Ce sont là les soins favorables des Silphes: ils conduisent tout avec habileté. Toujours attentifs à la conservation de l'honneur des femmes, ils opposent finement à de beaux cheveux, d'autres qui ne le sont pas moins, & à la haute taille, la grace & le bon air. Ils combattent les plumets par d'autres plumets, & les équipages par d'autres équipages. Enfin tout ce qui est capable de séduire, est repoussé par des charmes plus puissans. Les mortels aveugles appellent legereté & coquetterie, ce qui n'est l'effet que de la sage conduite des Silphes.
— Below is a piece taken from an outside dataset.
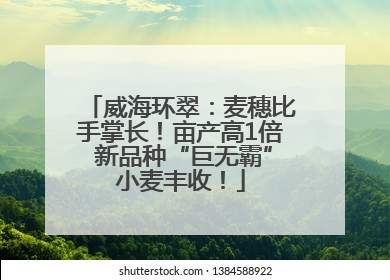 威海环翠：麦穗比手掌长！亩产高1倍 新品种“巨无霸”小麦丰收！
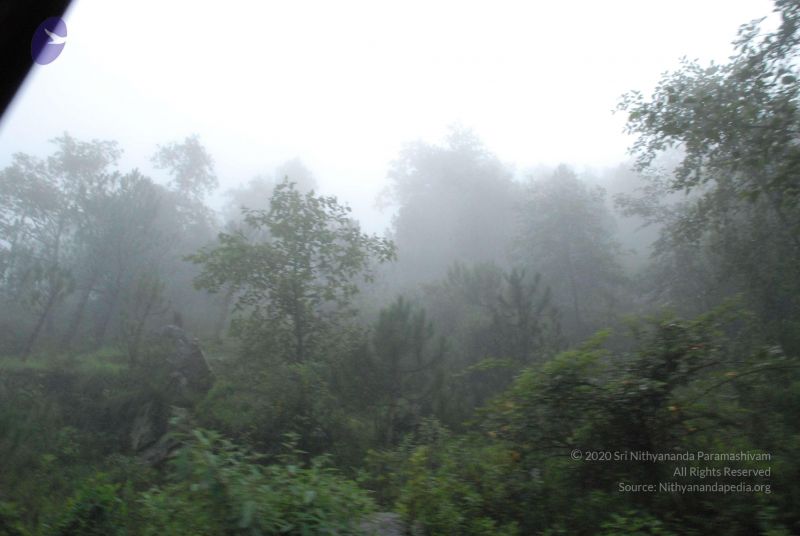 File:20080708 DSC 0480 CMP WM.jpg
Je suis de ce nombre: mon nom est Ariel: je te protege & je veille sur toi.

Il n'y a pas long-tems que parcourant le vaste espace des airs, je vis dans le miroir de ton étoile dominante (le dirai-je?) je te vis menacée d'un funeste accident: Avant que le soleil se couche, tu en ressentiras les redoutables effets; mais quel sera ce malheur, comment, & de quel part il doit venir, quelles suites il doit avoir, les Cieux ne me l'ont point revelé. Veille sur toi, fille chaste; ni ma vigilance ni mes soins ne peuvent te soustraire aux arrêts du Destin; sois donc toi-même attentive, & surtout garde-toi de l'Homme.

Il dit; & alors Mirine qui ne pouvoit plus supporter le long sommeil de sa Maîtresse, sauta sur le lit, aboïa, & vint à bout de la reveiller. Si la renommée ne nous a pas trompez, tes premiers regards, O Belinde, tomberent sur un billet doux.

A peine commençoit-elle de lire, & d'y voir des plaïes, des peines, des martyres, des ardeurs, qu'elle oublia son songe. Elle sort du lit à demie nuë, & s'approche d'une table où mille vases d'argent étoient placez, & disposez dans un ordre misterieux. Alors vêtue de blanc & la tête nuë, elle adore attentivement les puissances du monde; une céleste image paroît dans un miroir, elle fixe ses yeux sur elle; c'est l'unique objet de ses pieux regards. Une Prêtresse inférieure, dans une humble attitude, est à côté de l'autel où la vanité préside.

Celle-ci commence les sacrez rites: alors se découvrent de précieux trésors, sources d'ornemens & de beautez pour la Déesse. On voit briller dans de petits coffres les perles & les pierres les plus précieuses des Indes; les parfums de l'Arabie sortent des flacons d'or, qui les renferment; la tortue & l'éléphant unis se transforment en peignes; les épingles & les éguilles sont rangées en escadrons; ici l'on voit confondus, la poudre, la pâte, la Bible, & les billets doux.

Déja l'imperieuse beauté prend ses armes, & à chaque instant son visage acquiert de nouveaux agrémens; les graces se reveillent, le sourire en est plus doux, l'éclat du teint naît insensiblement, les yeux brillent d'une lumiere plus vive. Les Silphes s'empressent autour d'elle, ils ornent sa tête, arrangent ses cheveux, donnent un bon air à sa manche, étalent sa juppe. Sylvie s'applaudit d'une adresse, qui n'est pas la sienne.